Excerpts from a dataset:
□ □ □ □ □ □ □
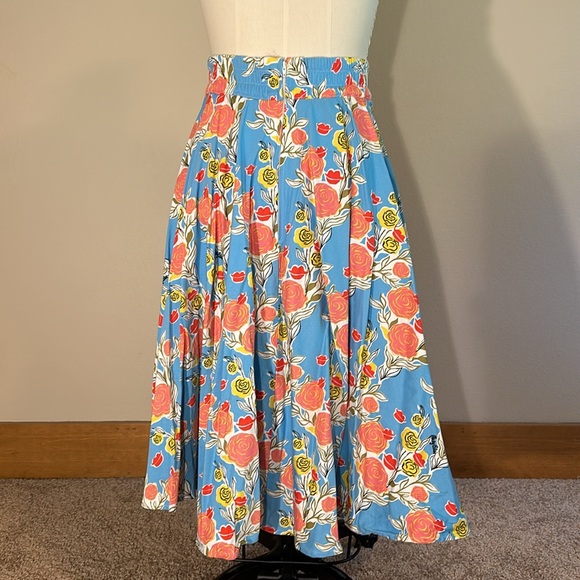 Mary Blair lips and roses circle skirt - Picture 4 of 7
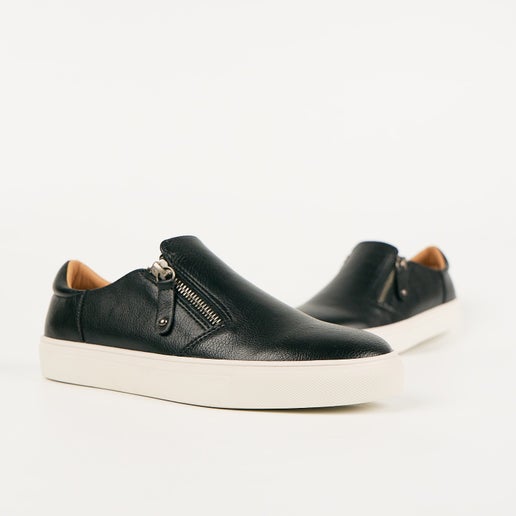 Sakura Salento Sneakers | Black | Womens Casual sneakers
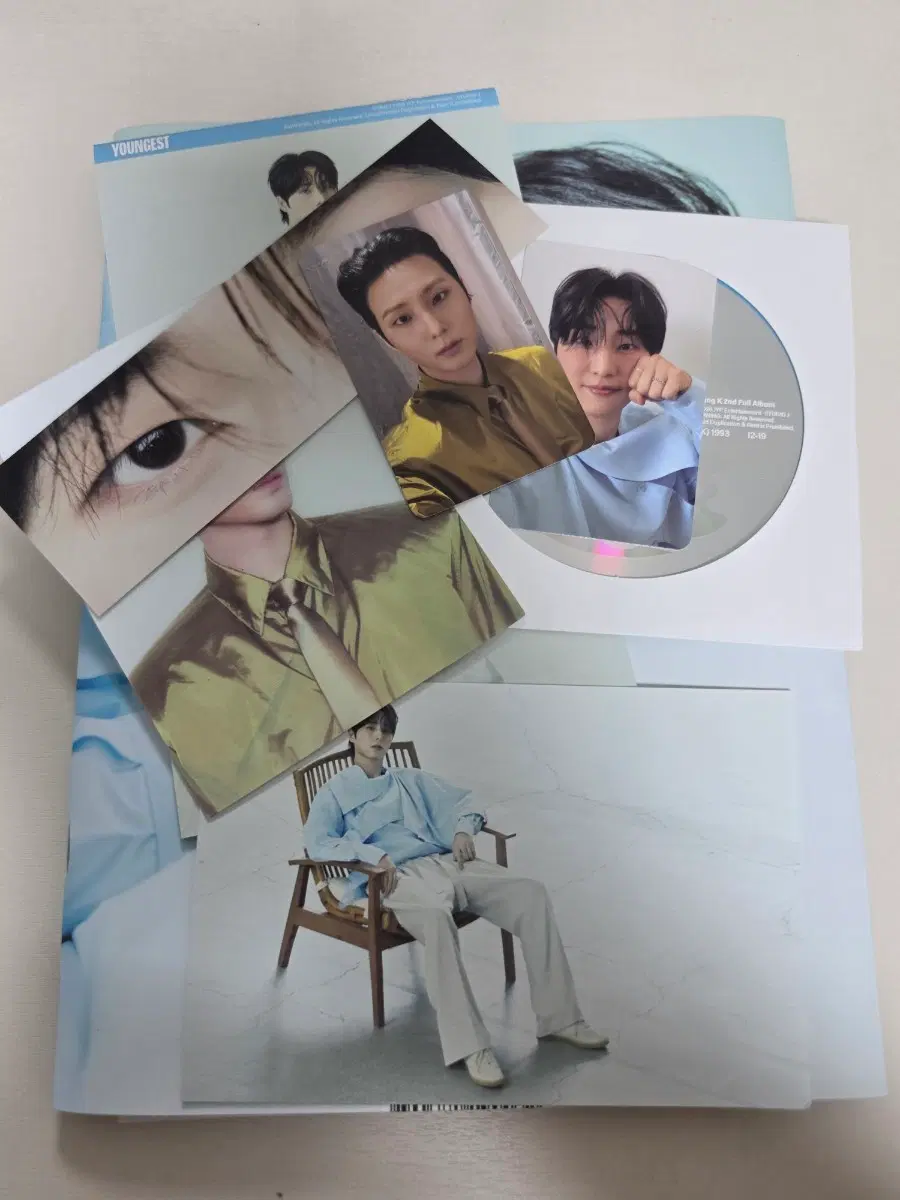 데이식스 영케이 영기스트 포토북 판매합니다(포카 포함)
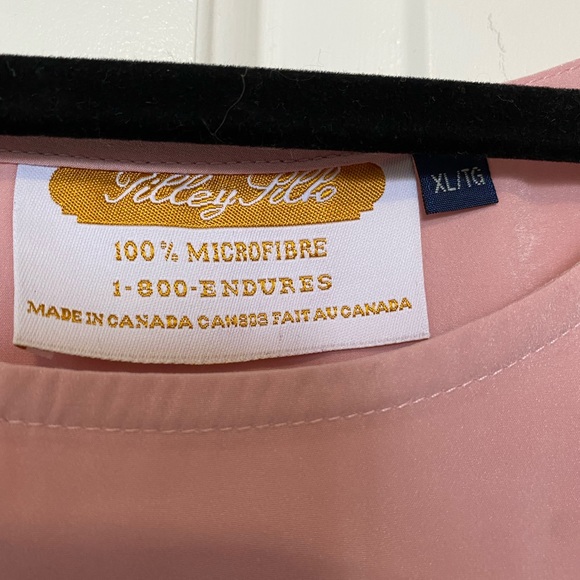 🎉5/$30 - Vintage tank top - Picture 2 of 3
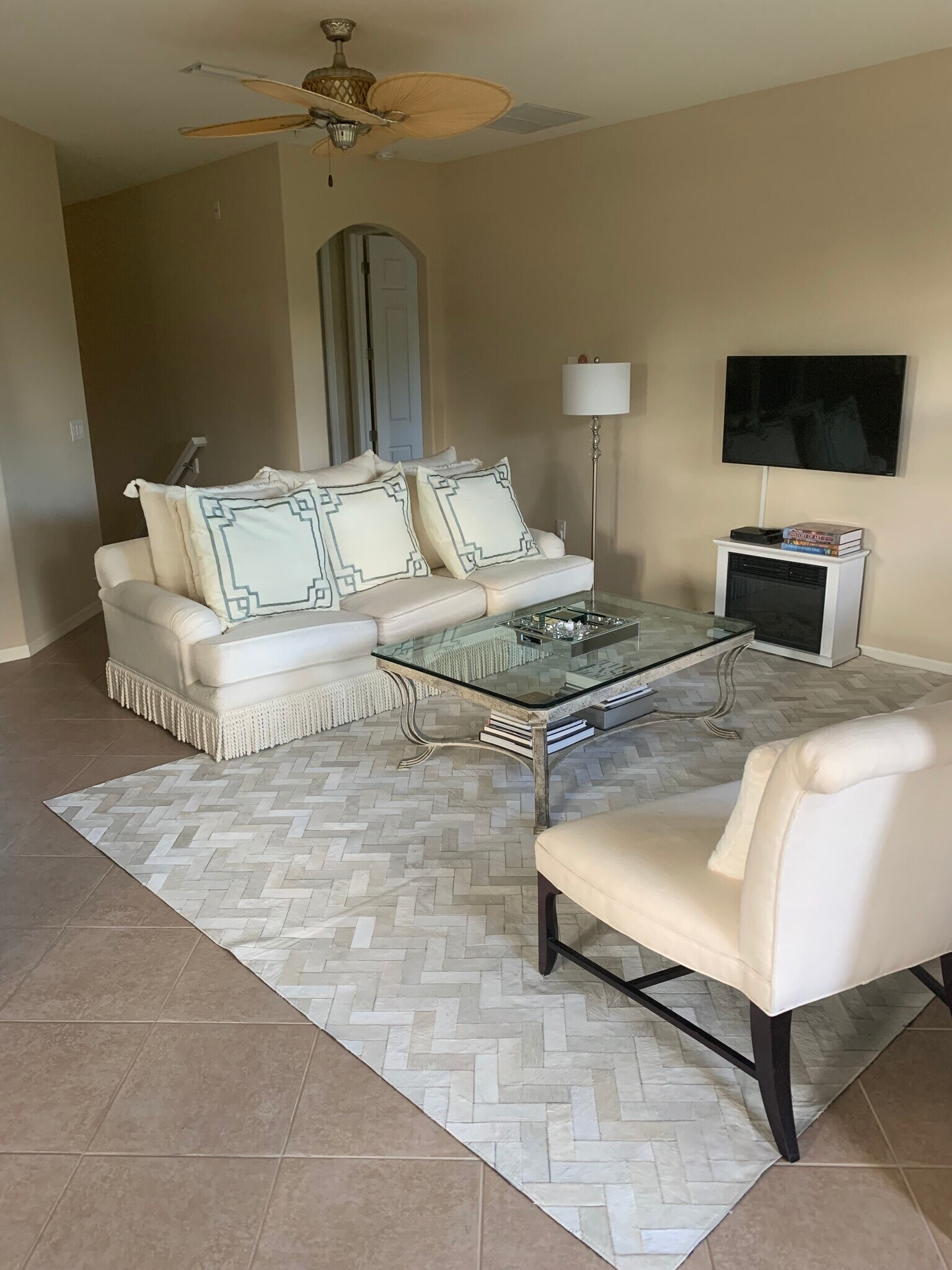 Building Photo - 8997 Cambria Cir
□ □ □ □ □ □ □
_Work instruction:_ Nothing but an exact copy of the data, without its images, should make up your answer.

_Your solution:_
 Mary Blair lips and roses circle skirt - Picture 4 of 7
 Sakura Salento Sneakers | Black | Womens Casual sneakers
 데이식스 영케이 영기스트 포토북 판매합니다(포카 포함)
 🎉5/$30 - Vintage tank top - Picture 2 of 3
 Building Photo - 8997 Cambria Cir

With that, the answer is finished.